L'annuncio di un accordo tra Stati Uniti e Iran volto a porre fine alla guerra apre una nuova fase di tensioni diplomatiche, questa volta tra Washington e Gerusalemme. Secondo diverse fonti, questo compromesso non soddisfa i principali obiettivi perseguiti dal Primo Ministro israeliano Benjamin Netanyahu, alimentando i timori di un nuovo scontro politico con il presidente americano. Donald Trump.

Fin dall'inizio del conflitto, Benjamin Netanyahu ha puntato su una stretta collaborazione con Washington per indebolire a lungo termine il potere iraniano. Il leader israeliano sperava che questa strategia non solo avrebbe rimodellato gli equilibri di potere in Medio Oriente, ma avrebbe anche rafforzato la sua posizione politica in vista delle importanti elezioni nel suo Paese.

L'accordo raggiunto tra Stati Uniti e Iran, tuttavia, sembra discostarsi da questa visione. Secondo le informazioni disponibili, il testo non soddisfa diversi degli obiettivi strategici auspicati da Israele. In particolare, potrebbe imporre limitazioni alle operazioni militari israeliane in Libano, una questione particolarmente delicata per il governo di Netanyahu.

I disaccordi tra Donald Trump e Benjamin Netanyahu sulla gestione del conflitto in Libano non sono una novità.
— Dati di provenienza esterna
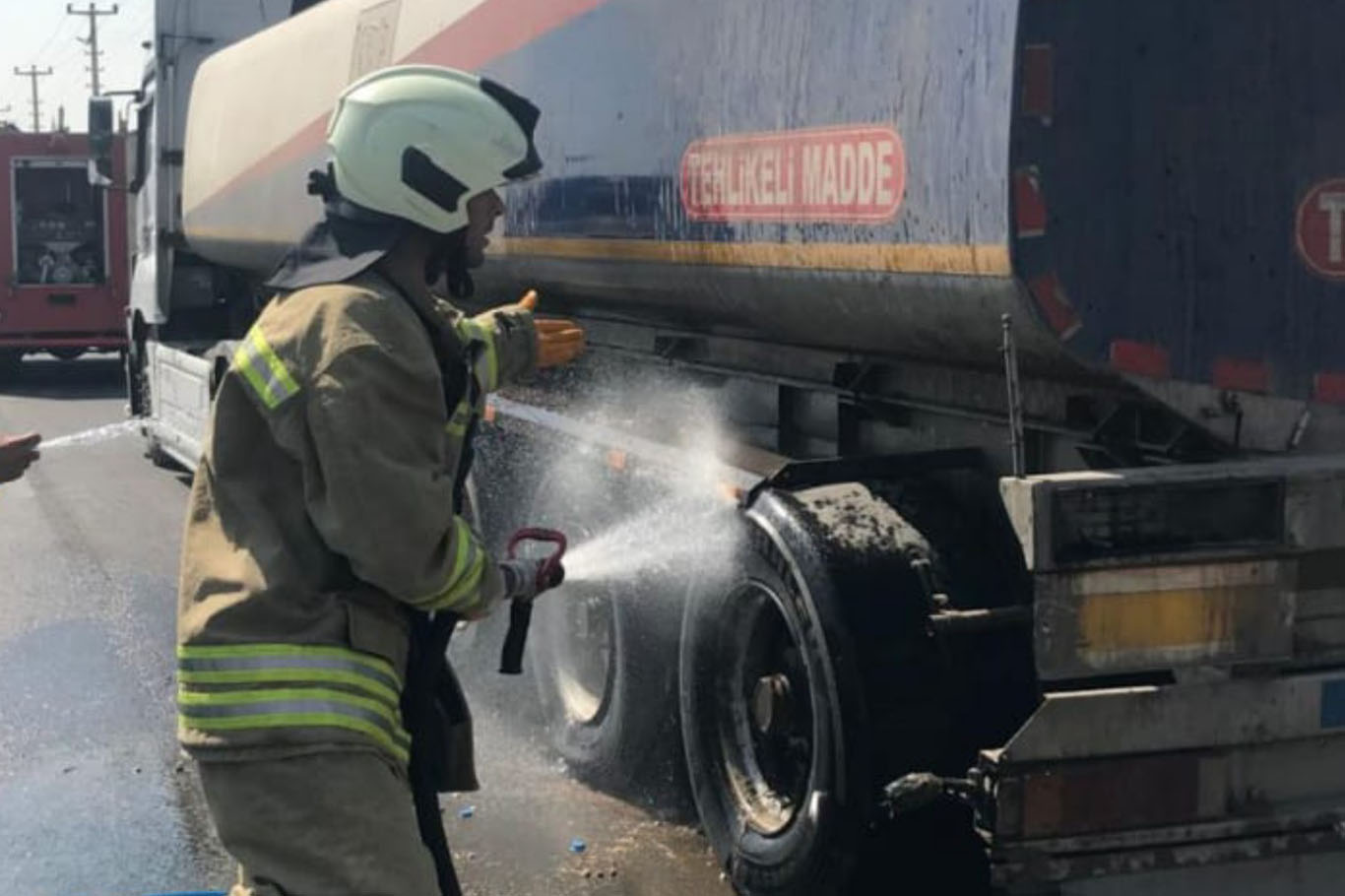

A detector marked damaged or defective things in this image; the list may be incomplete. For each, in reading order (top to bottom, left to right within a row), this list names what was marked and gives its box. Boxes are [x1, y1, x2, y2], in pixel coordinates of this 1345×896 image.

burned tire [528, 463, 685, 792]
burned tire [685, 490, 989, 896]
I ​​due leader si sono già scontrati in diverse occasioni riguardo alle modalità di conduzione delle operazioni e agli obiettivi da raggiungere nella regione. Il nuovo accordo rischia quindi di esacerbare tali divergenze in un momento in cui gli Stati Uniti cercano di stabilizzare la situazione.

Nonostante i termini del compromesso, Israele ha indicato di non considerarsi vincolato dalle disposizioni dell'accordo. Questa posizione suggerisce che il governo israeliano potrebbe continuare a perseguire i propri interessi di sicurezza, anche se questi differiscono dalla strategia attualmente privilegiata da Washington.

L'evoluzione di questa relazione tra i due alleati sarà attentamente monitorata nelle prossime settimane. Mentre Stati Uniti e Iran sembrano muoversi verso una de-escalation, la reazione di Israele potrebbe avere conseguenze significative per l'attuazione dell'accordo e per il futuro dell'equilibrio regionale in Medio Oriente.